- AIM OF THE EXERCISE
Your job with the data below is to output exactly the lines from the one holding "Video thumbnail XCLxFthdUnU" down to the one holding "Instauran demanda contra", both included, and no others.

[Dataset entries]
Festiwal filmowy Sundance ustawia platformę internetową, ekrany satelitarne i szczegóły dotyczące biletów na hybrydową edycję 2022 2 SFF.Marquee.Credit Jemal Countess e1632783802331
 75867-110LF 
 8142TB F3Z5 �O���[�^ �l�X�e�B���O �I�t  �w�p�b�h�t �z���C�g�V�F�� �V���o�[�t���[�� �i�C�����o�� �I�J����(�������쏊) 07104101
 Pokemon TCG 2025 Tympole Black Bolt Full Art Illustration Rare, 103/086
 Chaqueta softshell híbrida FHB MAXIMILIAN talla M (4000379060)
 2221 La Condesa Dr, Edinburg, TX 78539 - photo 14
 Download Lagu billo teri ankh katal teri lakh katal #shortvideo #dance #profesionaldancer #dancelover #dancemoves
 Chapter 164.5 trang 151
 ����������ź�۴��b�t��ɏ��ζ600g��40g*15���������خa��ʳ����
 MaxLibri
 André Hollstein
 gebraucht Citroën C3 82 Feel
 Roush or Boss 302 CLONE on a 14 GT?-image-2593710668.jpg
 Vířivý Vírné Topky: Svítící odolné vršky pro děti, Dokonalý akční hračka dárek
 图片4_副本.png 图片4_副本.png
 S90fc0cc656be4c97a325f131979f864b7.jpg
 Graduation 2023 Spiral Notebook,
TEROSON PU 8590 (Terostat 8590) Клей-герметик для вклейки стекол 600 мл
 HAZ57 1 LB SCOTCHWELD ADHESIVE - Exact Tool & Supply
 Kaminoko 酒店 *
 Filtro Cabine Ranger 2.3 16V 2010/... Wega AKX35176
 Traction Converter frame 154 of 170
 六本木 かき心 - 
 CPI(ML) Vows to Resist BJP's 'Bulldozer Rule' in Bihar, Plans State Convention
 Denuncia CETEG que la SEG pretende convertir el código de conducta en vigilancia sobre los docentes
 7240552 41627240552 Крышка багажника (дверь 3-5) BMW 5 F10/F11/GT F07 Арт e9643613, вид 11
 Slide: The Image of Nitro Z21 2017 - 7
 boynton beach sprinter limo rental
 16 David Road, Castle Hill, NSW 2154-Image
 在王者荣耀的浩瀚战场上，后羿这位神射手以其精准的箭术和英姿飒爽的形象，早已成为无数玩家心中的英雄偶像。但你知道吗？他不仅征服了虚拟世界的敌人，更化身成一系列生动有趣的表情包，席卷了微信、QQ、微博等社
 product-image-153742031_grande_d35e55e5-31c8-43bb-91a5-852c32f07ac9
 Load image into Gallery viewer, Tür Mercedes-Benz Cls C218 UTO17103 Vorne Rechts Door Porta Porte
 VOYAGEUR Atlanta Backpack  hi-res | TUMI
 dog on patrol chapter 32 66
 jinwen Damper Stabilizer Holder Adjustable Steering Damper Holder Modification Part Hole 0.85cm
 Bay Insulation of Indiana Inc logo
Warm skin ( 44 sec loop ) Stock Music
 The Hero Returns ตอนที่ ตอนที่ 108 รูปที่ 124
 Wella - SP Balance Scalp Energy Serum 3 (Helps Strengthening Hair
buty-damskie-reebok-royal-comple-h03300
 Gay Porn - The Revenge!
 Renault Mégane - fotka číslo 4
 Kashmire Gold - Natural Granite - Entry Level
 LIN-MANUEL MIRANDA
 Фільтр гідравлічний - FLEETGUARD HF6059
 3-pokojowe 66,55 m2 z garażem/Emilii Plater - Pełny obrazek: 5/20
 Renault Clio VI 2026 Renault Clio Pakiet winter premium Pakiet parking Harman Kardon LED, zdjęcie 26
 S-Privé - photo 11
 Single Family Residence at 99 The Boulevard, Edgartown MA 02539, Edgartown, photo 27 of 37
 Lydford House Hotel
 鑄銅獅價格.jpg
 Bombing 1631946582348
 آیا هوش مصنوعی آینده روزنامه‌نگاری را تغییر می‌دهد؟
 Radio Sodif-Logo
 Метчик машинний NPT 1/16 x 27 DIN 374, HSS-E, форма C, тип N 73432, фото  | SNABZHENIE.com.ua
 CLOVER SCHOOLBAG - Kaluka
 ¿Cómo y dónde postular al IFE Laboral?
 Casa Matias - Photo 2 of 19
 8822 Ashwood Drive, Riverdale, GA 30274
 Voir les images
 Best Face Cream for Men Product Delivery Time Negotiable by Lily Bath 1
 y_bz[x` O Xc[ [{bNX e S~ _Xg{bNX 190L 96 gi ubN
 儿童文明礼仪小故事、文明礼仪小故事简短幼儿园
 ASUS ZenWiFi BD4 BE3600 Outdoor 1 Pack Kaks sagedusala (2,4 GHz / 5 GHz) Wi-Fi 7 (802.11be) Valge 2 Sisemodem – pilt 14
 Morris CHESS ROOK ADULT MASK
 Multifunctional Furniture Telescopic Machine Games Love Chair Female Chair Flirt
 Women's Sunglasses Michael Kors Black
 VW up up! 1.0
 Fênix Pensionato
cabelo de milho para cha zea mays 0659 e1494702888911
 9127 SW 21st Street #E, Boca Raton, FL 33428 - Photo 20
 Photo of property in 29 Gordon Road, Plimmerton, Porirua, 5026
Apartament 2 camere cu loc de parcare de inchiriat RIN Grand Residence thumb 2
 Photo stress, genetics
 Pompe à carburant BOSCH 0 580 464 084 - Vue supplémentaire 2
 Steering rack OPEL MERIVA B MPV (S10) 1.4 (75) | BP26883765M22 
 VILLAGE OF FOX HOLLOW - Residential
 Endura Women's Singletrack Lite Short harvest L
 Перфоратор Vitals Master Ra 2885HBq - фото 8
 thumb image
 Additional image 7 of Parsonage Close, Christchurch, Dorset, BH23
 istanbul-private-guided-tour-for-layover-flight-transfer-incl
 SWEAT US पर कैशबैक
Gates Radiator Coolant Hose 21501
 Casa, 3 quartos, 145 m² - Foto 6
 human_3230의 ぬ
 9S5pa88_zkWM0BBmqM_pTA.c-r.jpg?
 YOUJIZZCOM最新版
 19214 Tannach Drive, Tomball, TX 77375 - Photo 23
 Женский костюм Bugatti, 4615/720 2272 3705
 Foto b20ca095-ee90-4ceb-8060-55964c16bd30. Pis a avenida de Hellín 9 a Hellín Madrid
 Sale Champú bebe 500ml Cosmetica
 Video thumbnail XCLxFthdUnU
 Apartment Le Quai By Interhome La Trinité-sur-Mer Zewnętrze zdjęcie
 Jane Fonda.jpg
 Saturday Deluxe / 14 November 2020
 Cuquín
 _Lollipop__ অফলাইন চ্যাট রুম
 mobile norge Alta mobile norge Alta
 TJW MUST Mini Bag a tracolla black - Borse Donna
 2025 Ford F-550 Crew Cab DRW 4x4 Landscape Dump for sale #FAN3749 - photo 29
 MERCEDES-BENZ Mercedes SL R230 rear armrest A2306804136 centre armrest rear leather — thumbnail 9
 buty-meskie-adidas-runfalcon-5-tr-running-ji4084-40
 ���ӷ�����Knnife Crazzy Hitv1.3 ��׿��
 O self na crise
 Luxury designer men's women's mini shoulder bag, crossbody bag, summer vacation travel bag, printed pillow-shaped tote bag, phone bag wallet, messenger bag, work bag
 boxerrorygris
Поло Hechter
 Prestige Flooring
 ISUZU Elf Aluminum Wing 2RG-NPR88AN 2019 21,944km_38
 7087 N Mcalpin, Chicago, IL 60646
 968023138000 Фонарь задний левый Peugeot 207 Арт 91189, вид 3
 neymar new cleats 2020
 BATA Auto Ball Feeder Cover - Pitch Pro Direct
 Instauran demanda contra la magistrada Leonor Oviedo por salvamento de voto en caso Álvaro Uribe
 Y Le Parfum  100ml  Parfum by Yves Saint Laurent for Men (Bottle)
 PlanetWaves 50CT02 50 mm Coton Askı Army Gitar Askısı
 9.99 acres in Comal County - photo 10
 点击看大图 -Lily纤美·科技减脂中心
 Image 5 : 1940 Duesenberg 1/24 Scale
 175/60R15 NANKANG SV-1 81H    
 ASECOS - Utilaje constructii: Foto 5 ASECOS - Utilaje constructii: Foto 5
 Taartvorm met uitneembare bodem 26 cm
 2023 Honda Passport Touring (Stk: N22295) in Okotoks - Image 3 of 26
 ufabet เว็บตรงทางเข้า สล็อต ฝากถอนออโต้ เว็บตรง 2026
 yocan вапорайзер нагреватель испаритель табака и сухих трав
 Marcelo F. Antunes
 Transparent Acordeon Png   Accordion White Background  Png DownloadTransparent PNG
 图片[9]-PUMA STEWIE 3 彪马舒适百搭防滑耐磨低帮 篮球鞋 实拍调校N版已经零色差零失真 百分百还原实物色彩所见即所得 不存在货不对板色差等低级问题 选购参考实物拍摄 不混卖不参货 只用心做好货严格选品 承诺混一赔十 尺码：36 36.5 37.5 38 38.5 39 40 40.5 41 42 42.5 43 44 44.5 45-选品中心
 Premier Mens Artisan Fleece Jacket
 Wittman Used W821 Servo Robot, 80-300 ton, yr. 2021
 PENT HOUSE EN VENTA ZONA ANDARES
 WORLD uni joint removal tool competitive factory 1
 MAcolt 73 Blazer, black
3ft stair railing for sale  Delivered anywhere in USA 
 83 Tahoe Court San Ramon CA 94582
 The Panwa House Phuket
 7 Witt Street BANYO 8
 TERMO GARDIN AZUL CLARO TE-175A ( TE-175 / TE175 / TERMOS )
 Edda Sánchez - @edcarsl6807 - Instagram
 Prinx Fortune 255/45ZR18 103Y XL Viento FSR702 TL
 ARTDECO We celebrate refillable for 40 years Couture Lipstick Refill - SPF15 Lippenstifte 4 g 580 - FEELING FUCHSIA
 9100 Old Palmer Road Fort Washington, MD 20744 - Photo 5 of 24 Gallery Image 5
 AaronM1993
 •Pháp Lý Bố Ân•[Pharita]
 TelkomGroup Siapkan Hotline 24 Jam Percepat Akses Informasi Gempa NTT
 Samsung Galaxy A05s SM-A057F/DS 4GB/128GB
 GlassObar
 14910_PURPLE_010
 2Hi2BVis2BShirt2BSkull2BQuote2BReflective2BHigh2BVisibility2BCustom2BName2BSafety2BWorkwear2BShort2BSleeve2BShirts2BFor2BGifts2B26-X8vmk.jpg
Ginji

- EXERCISE ANSWER
 Video thumbnail XCLxFthdUnU
 Apartment Le Quai By Interhome La Trinité-sur-Mer Zewnętrze zdjęcie
 Jane Fonda.jpg
 Saturday Deluxe / 14 November 2020
 Cuquín
 _Lollipop__ অফলাইন চ্যাট রুম
 mobile norge Alta mobile norge Alta
 TJW MUST Mini Bag a tracolla black - Borse Donna
 2025 Ford F-550 Crew Cab DRW 4x4 Landscape Dump for sale #FAN3749 - photo 29
 MERCEDES-BENZ Mercedes SL R230 rear armrest A2306804136 centre armrest rear leather — thumbnail 9
 buty-meskie-adidas-runfalcon-5-tr-running-ji4084-40
 ���ӷ�����Knnife Crazzy Hitv1.3 ��׿��
 O self na crise
 Luxury designer men's women's mini shoulder bag, crossbody bag, summer vacation travel bag, printed pillow-shaped tote bag, phone bag wallet, messenger bag, work bag
 boxerrorygris
Поло Hechter
 Prestige Flooring
 ISUZU Elf Aluminum Wing 2RG-NPR88AN 2019 21,944km_38
 7087 N Mcalpin, Chicago, IL 60646
 968023138000 Фонарь задний левый Peugeot 207 Арт 91189, вид 3
 neymar new cleats 2020
 BATA Auto Ball Feeder Cover - Pitch Pro Direct
 Instauran demanda contra la magistrada Leonor Oviedo por salvamento de voto en caso Álvaro Uribe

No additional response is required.